If anyone is interested in learning Japanese, I have some advice:

\- Do not learn polite forms until you master plain forms. Japanese is built
on plain forms and polite forms are an extension of that. If you learn polite
forms first, you are going to get wildly confused because everything you
assume about the grammar will be wrong. People think they must learn polite
forms in order to get along. Just do what all my Japanese high school students
did: add "desu" to the end of all your sentences ;-). It is totally wrong and
you will sound like an uneducated, hillbilly moron, but people will appreciate
your effort ;-)

\- Read
[http://www.guidetojapanese.org/learn/grammar](http://www.guidetojapanese.org/learn/grammar)
I don't think there is a better grammar guide out there. Memorize all the
example sentences (if you use flash cards or Anki, then drill from English to
Japanese only).

\- Learn hiragana and kanji (hiragana first). Pick up katakana over time (it's
not really very important). Hiragana and katakana are phonetic alphabets. Once
you know hiragana you can read children's books with "furigana" (the
pronunciation of kanji is written beside the kanji in hiragana). Kanji are the
chinese characters.

\- Do not avoid learning kanji. One thing that I discovered as I was learning
Japanese is that I could learn vocabulary along with the kanji faster than I
could learn the vocabulary alone. Kanji is a fantastic mnemonic and is
constructed in a comprehensible way. "Remembering the kanji" by James Heisig
is a great technique for learning kanji. I don't like his choice of keywords,
though (some are arguably just wrong). I recommend reading the first section
of the book and then deriving your own keywords. As it turns out, the
publisher of the book offers the first section as a free PDF download:
[http://nirc.nanzan-u.ac.jp/en/files/2012/12/RK-1-6th-
edition...](http://nirc.nanzan-u.ac.jp/en/files/2012/12/RK-1-6th-edition-
sample.pdf)

\- Read manga as a way to learn conversational Japanese. Probably this is the
best thing I ever did. Yes there are characters with weird expressions (datte
ba yo!) or incredibly impolite expressions (ending every sentence with
yagaru), but I _really_ doubt you will fail to pick those up ;-) Obviously
don't use them in real conversations if you don't want to shock people.
Generally speaking the expressions -- and especially the contractions -- are
the way normal people speak in Japan. You won't get this in a text book.

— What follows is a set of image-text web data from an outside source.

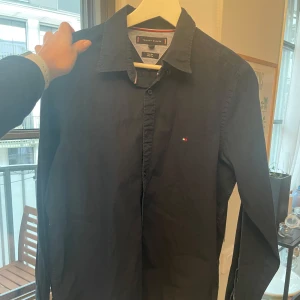 Skjorta från Tommy Hilfiger - Snygg skjorta från Tommy Hilfiger med klassisk krage och diskret logotyp på bröstet. Skjortan har långa ärmar och knappar framtill. Perfekt för en stilren look.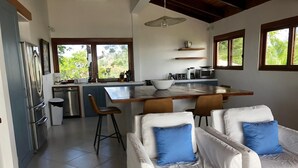 A modern kitchen with white appliances, a dining area with white chairs and blue cushions, and large windows offering views of greenery.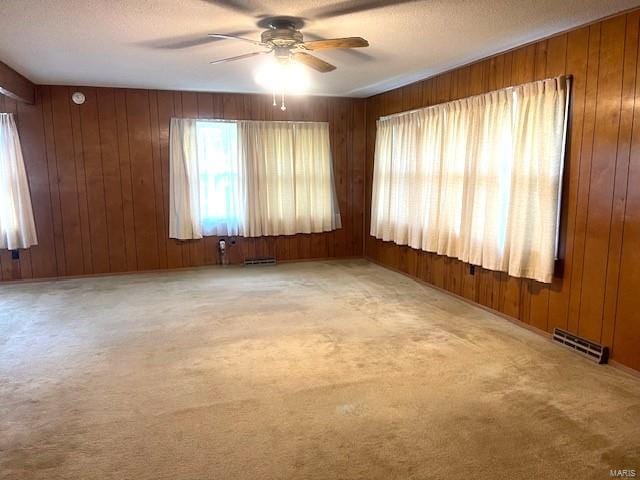 carpeted empty room with a textured ceiling, wooden walls, and ceiling fan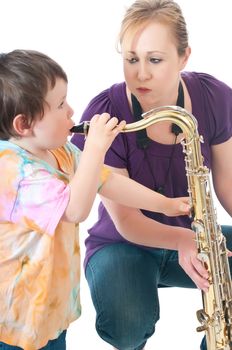 A saxophone playing young woman letting her son blow into the instrument.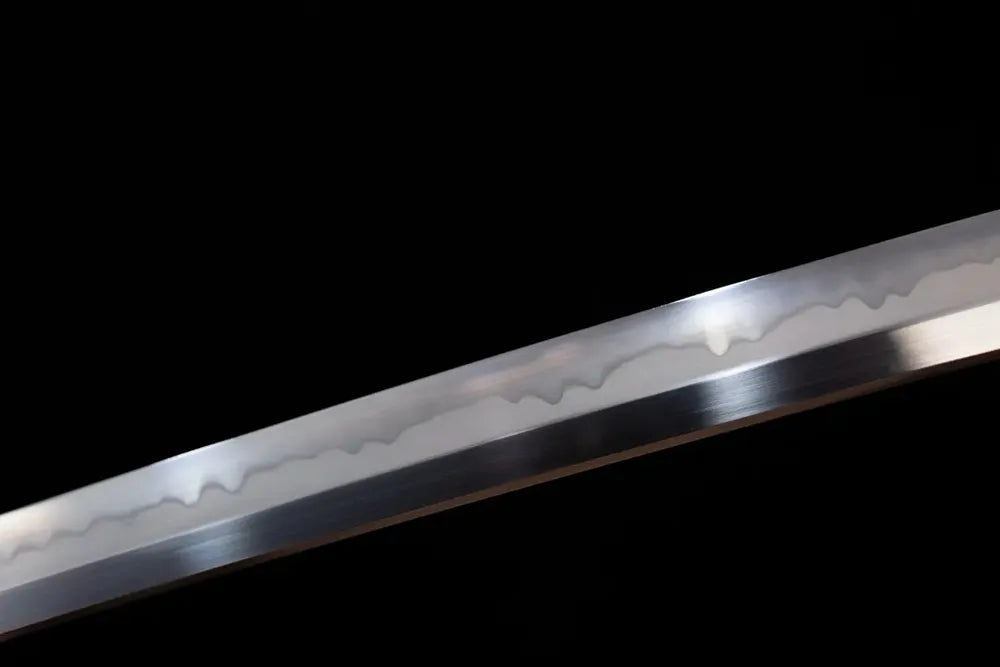 Mid‑section sanbonsugi three‑cedar‑tree‑pattern flowing‑undulating hamon steel katana blade surface close‑up shot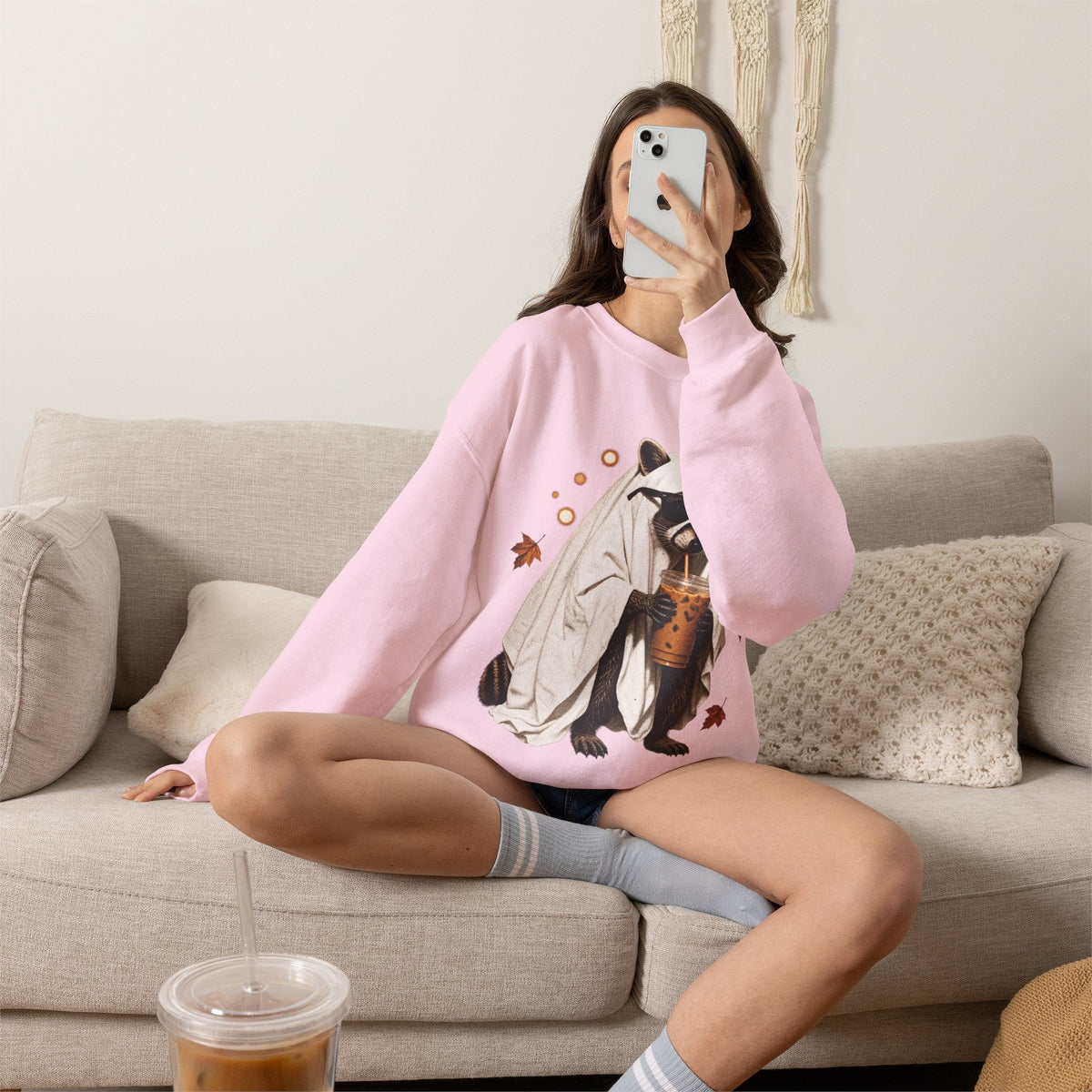 Wicked Thread Society light pink crewneck sweatshirt featuring a cute raccoon ghost graphic holding a boba tea cup.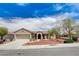 Charming single-story home with desert landscaping, beautiful trees, and a two-car garage at 2804 Sapphire Desert Dr, Henderson, NV 89052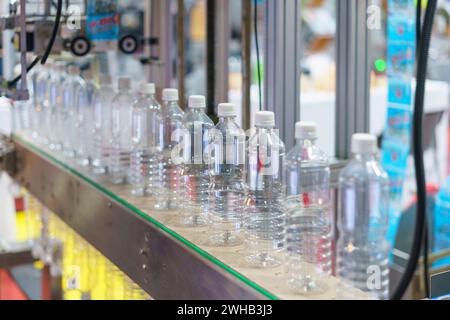 Image montrant une rangée de bouteilles d'eau en plastique transparent sur un tapis roulant dans une usine d'embouteillage, avec un accent particulier sur les bouteilles et les machines industrielles i. Banque D'Images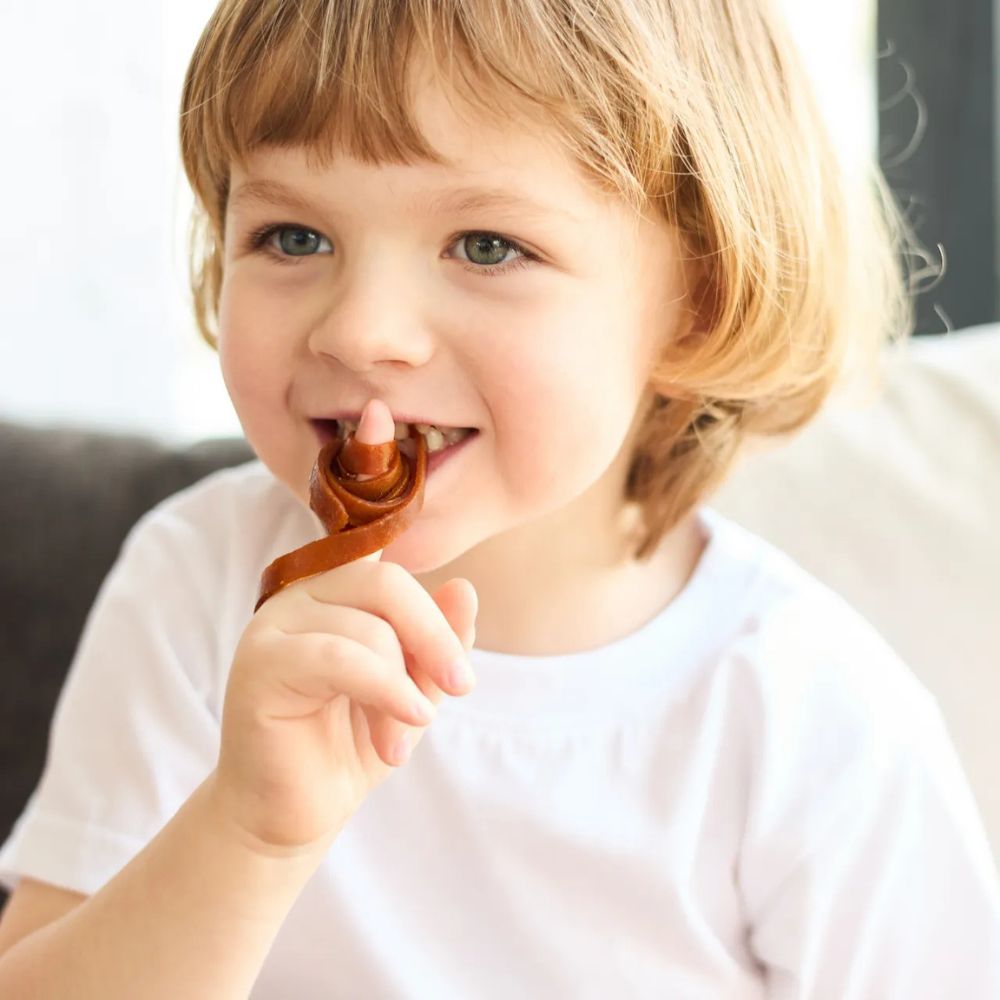 Child eating a chocolate bar with a blurred background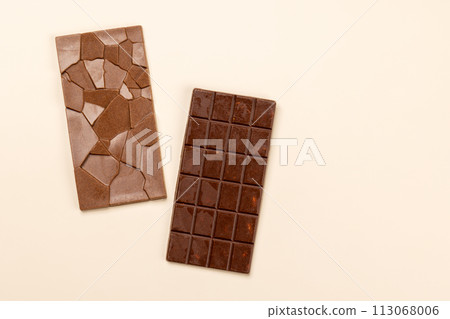 Chocolate bars on beige background Chocolate bars on beige background 113068006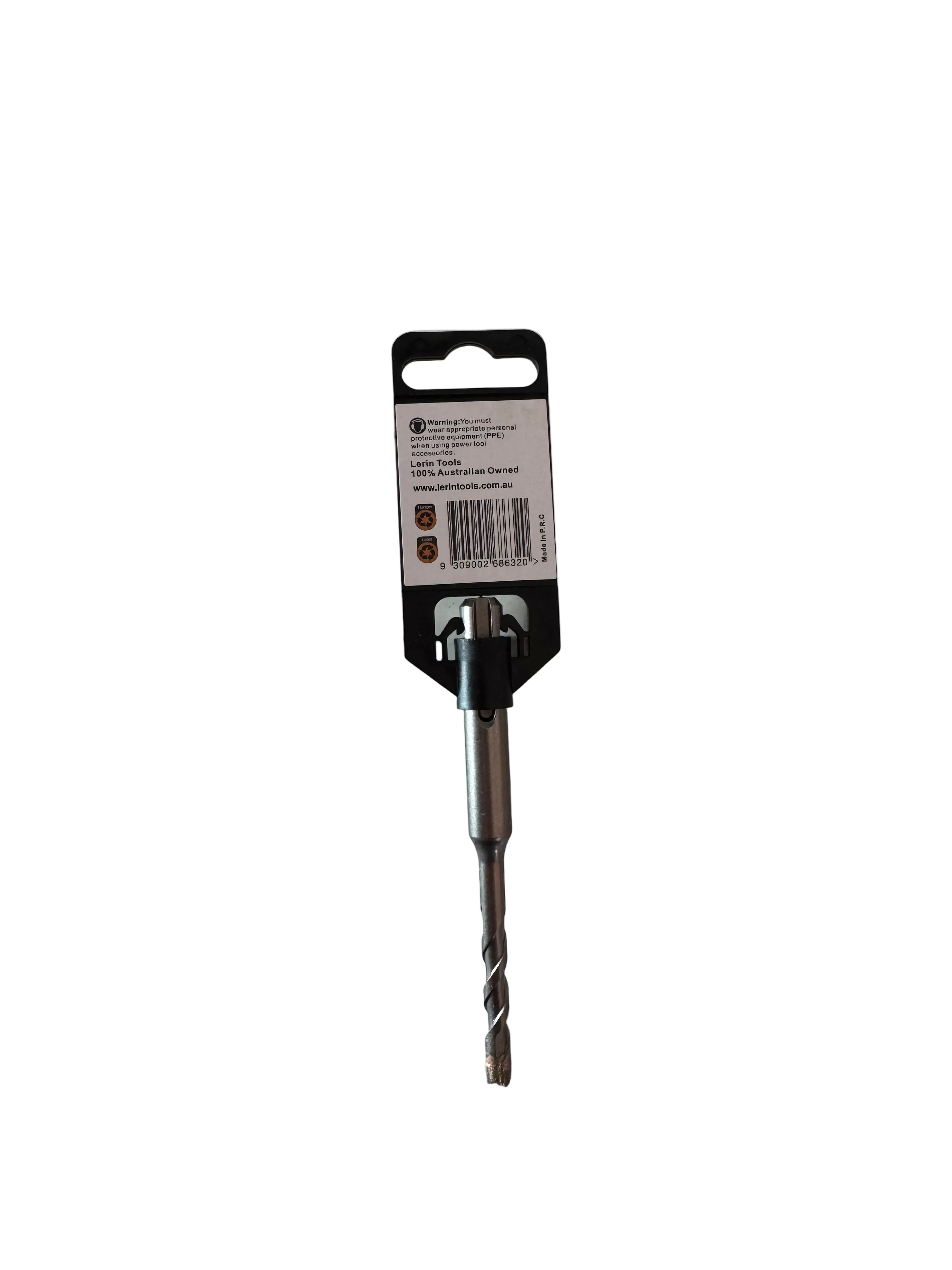 A single metal drill bit with a black and white retail hanger card, photographed on a light gray tabletop. Part of a green and white box is visible in the top-left corner.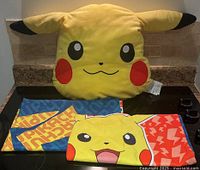 Yellow Pikachu-shaped pillow with two standard pillowcases with Pikachu-themed designs laid flat on countertop.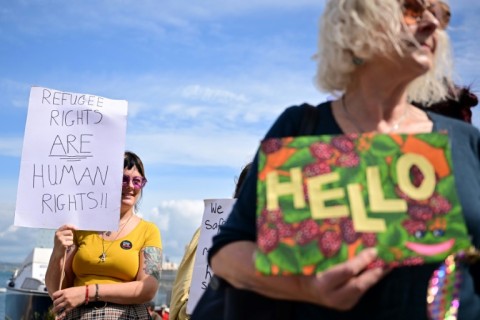 People hold up placards to welcome migrants to the barge which the government insists is a cost-effective option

\- Don't read textbooks (except for Tae Kim's, linked above).

\- For introductory vocabulary, the JLPT vocabulary lists up to and including
N3 are excellent. Don't bother past there because it is loaded down with
vocabulary that you are unlikely to use, at the expense of vocabulary that you
will definitely need in every day conversations. After you memorize N3
vocabulary, just get all your vocabulary from normal reading. By all means, if
you just enjoy memorizing vocabulary lists, feel free to do N2 and N1
vocabulary lists -- it won't hurt you. I just think that it is an inefficient
use of time.

Hope that helps anyone who is getting started ;-)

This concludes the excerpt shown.